TASK GOAL: Copy every record exactly, and keep the pictures out.

BEGIN MATERIALS PROVIDED

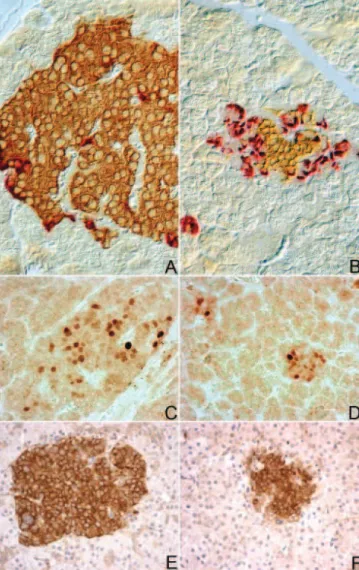 FIG. 4. Insulin mRNA and somatostatin cells, p57, and SUR1. A and B,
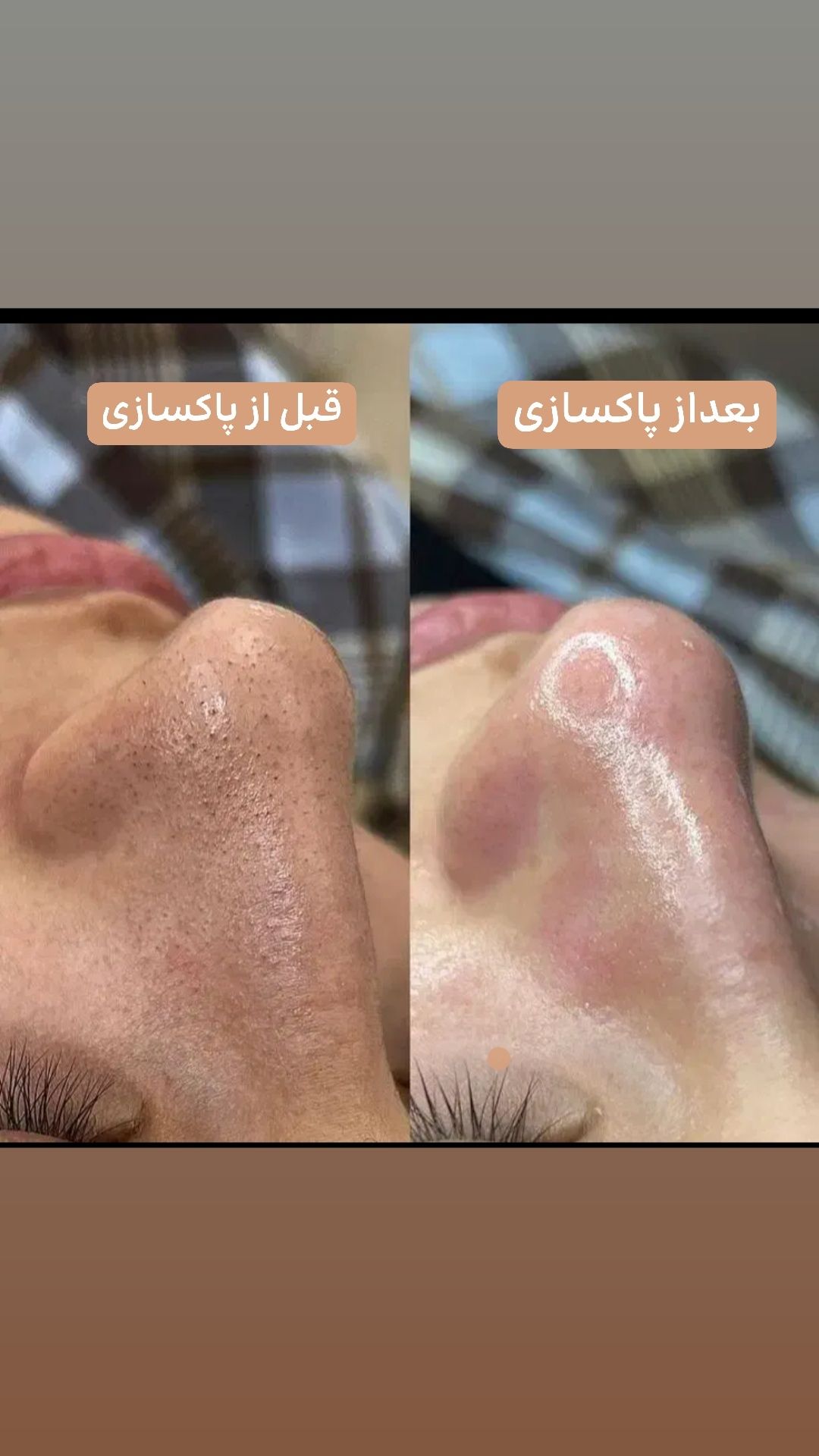 ماسک صورت کربن فعال ۳۰۰ میل کاهش قابل توجه در جوش های سرسیاه برند ویتابلا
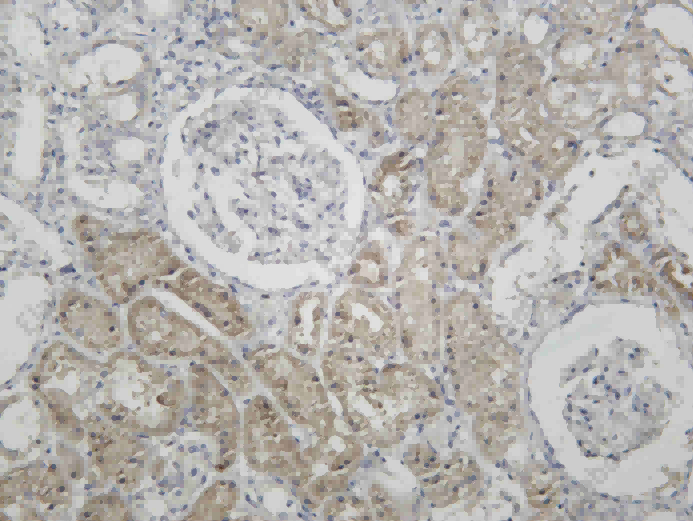 Recombinant Cathepsin B Monoclonal Antibody - 1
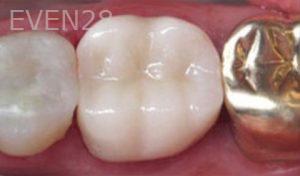 Nina-Basti-Dental-Crown-after-2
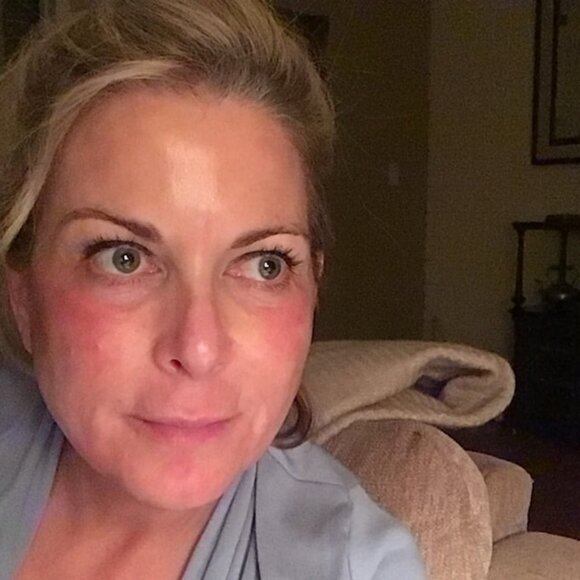 Vegan Lactic Acid peel 50% Melasma Hyperpigmentation Acne Scars Anti Aging etc - Picture 12 of 12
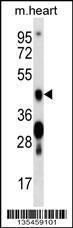 Anti-CAMK4 Rabbit Polyclonal Antibody (APC (Allophycocyanin))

END MATERIALS PROVIDED

SOLUTION FOR THIS PROBLEM:
 FIG. 4. Insulin mRNA and somatostatin cells, p57, and SUR1. A and B,
 ماسک صورت کربن فعال ۳۰۰ میل کاهش قابل توجه در جوش های سرسیاه برند ویتابلا
 Recombinant Cathepsin B Monoclonal Antibody - 1
 Nina-Basti-Dental-Crown-after-2
 Vegan Lactic Acid peel 50% Melasma Hyperpigmentation Acne Scars Anti Aging etc - Picture 12 of 12
 Anti-CAMK4 Rabbit Polyclonal Antibody (APC (Allophycocyanin))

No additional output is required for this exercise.